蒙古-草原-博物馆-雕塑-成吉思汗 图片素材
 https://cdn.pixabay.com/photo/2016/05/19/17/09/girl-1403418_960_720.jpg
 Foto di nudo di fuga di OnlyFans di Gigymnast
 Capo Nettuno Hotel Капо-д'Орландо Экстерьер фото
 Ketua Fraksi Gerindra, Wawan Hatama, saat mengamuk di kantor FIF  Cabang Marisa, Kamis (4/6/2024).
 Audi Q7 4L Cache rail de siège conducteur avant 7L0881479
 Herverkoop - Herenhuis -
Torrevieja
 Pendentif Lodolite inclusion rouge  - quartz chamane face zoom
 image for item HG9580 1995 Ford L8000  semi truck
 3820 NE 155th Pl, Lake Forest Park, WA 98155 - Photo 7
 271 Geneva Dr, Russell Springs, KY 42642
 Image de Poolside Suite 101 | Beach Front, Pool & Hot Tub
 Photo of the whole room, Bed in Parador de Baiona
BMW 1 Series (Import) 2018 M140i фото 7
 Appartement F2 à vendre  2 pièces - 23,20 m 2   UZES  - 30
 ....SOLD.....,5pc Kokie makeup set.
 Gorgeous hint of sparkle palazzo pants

What you have to do: In your reply, restate exactly the lines from the start of the records above through the line holding "Capo Nettuno Hotel", including both, and nothing else.

Solution to the exercise:
蒙古-草原-博物馆-雕塑-成吉思汗 图片素材
 https://cdn.pixabay.com/photo/2016/05/19/17/09/girl-1403418_960_720.jpg
 Foto di nudo di fuga di OnlyFans di Gigymnast
 Capo Nettuno Hotel Капо-д'Орландо Экстерьер фото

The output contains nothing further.